Le Cnes veut développer le "covoiturage" spatial

Confronté à la montée en puissance de nouveaux acteurs privés à l'image de SpaceX ou Rocketlab, le Cnes a présenté à Toulouse ce jeudi 25 janvier sa feuille de route en matière de lanceurs. L'Europe va proposer aux petits satellites conçus par des startups d'embarquer sur le futur lanceur Ariane 6 et pourrait coacher les jeunes sociétés qui innovent en matière de microlanceurs.
Le Cnes pourrait dans les années à venir mettre à disposition la base de Kourou pour les petits satellites conçus par des sociétés privées.
Le Cnes pourrait dans les années à venir mettre à disposition la base de Kourou pour les petits satellites conçus par des sociétés privées. (Crédits : POOL New)

Il sera peut-être un jour aussi simple de prendre une place pour son satellite sur Ariane 6 que de réserver un hôtel sur Booking ou Airbn'b. Face à l'arrivée de nouveaux acteurs dans l'industrie spatiale, le Cnes et l'Agence spatiale européenne veulent proposer de nouveaux services pour se mettre à l'heure du NewSpace.

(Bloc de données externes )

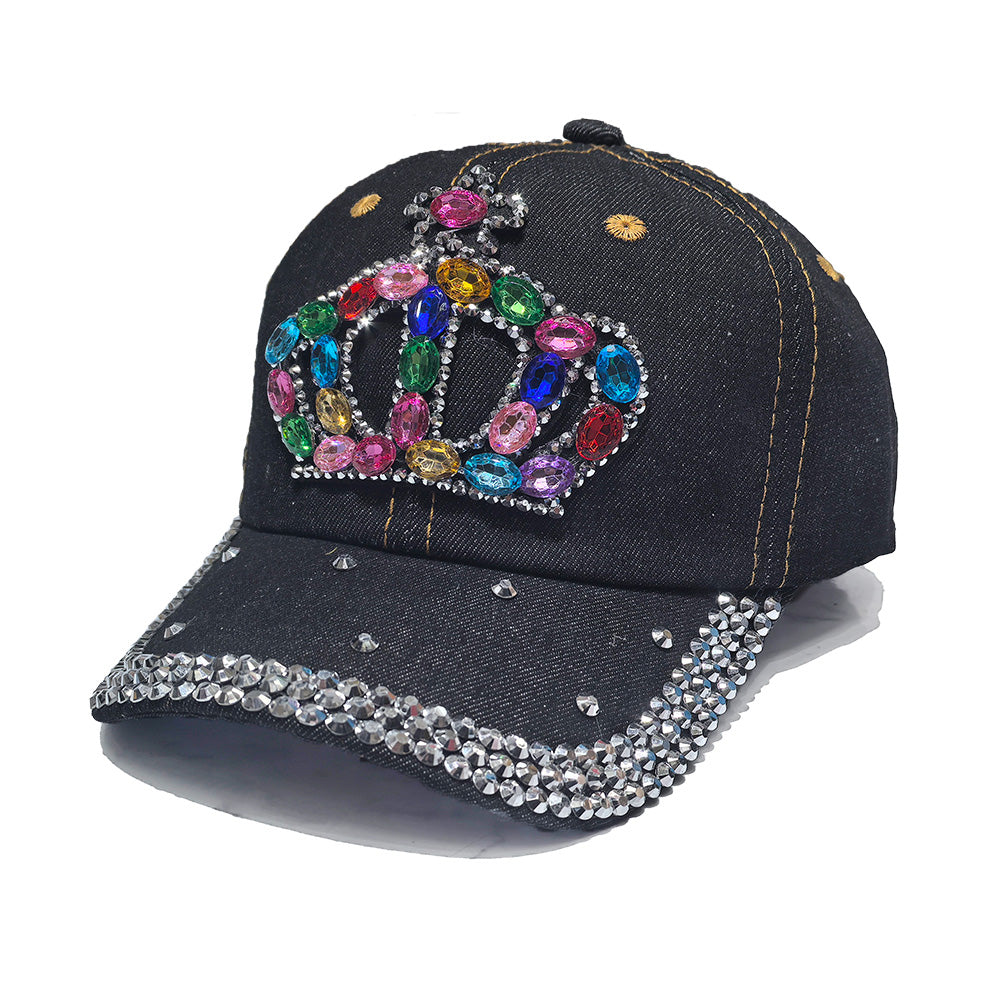 Rhinestone Black Baseball Cap - Crown Multi-Color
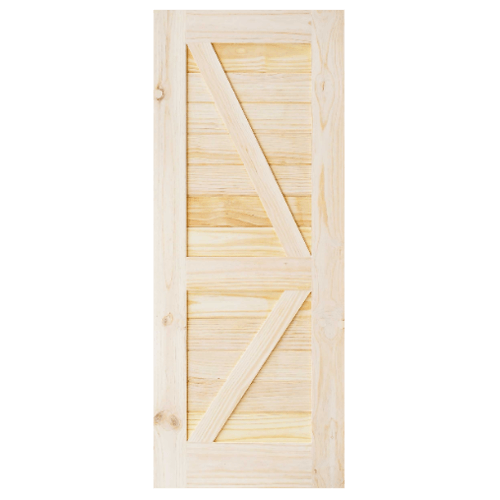 D2D ประตูไม้สนNz บานทึบเซาะร่อง(โรงนา) Eco Pine-444 80x180ซม.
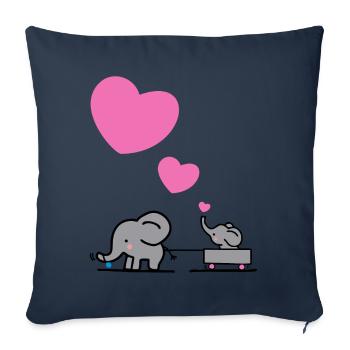 Big elephant draws little elephants with a heart - Sofa pillowcase 17,3'' x 17,3'' (45 x 45 cm) - navy - Front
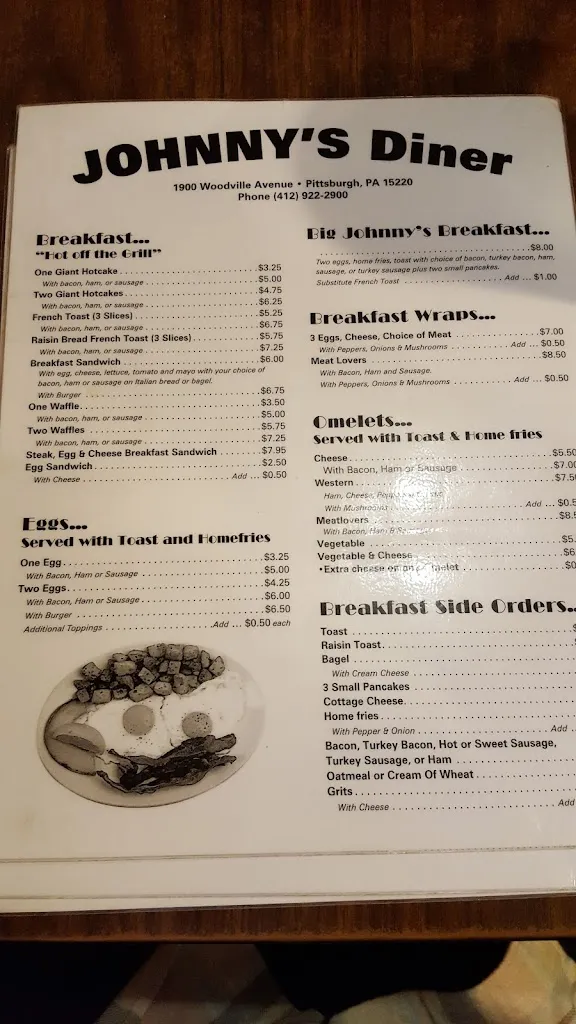 Menu_Johnny's Diner_Pittsburgh, PA_image_old_2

"Avec l'initiative ESA L3, à partir de 2020, il sera possible pour un acteur privé de partager un lancement avec un satellite européen depuis Ariane 6 (le lanceur qui succèdera à Ariane 5 en 2020) ou Vega (lanceur européen pour les satellites légers, ndlr). Comme sur Booking, vous pourrez réserver une place pour votre satellite avec une échéance de lancement garantie. On pourra vous dire par exemple 'dans un an votre satellite pourra être lancé'", a expliqué ce jeudi 25 janvier Jérôme Vila, directeur des lanceurs au Cnes, à l'occasion de la journée de l'innovation du centre national d'études spatiales.

 Cette forme de "covoiturage" spatial pourrait permettre aux nouveaux entrants sur le marché des petits satellites de réaliser des lancements à moindre coût. "Il y a une dynamique exponentielle autour des petits satellites. Les facilités actuelles pour trouver des investisseurs privés aiguisent les appétits de sociétés privées qui se lancent sur ce marché", rappelle Jérôme Vila. Mais ces startups, contrairement aux grandes agences spatiales, ne disposent pas de base de lancement. Trois options s'offrent à elles aujourd'hui :  soit elles choisissent de construire leur propre base de lancement, ce qui représente un investissement en millions d'euros (ce qu'a fait par exemple la jeune société Rocketlab), soit elles se greffent à un tir groupé d'autres petits satellites, soit elles optent pour le covoiturage spatial en étant lancé en même temps qu'un gros satellite.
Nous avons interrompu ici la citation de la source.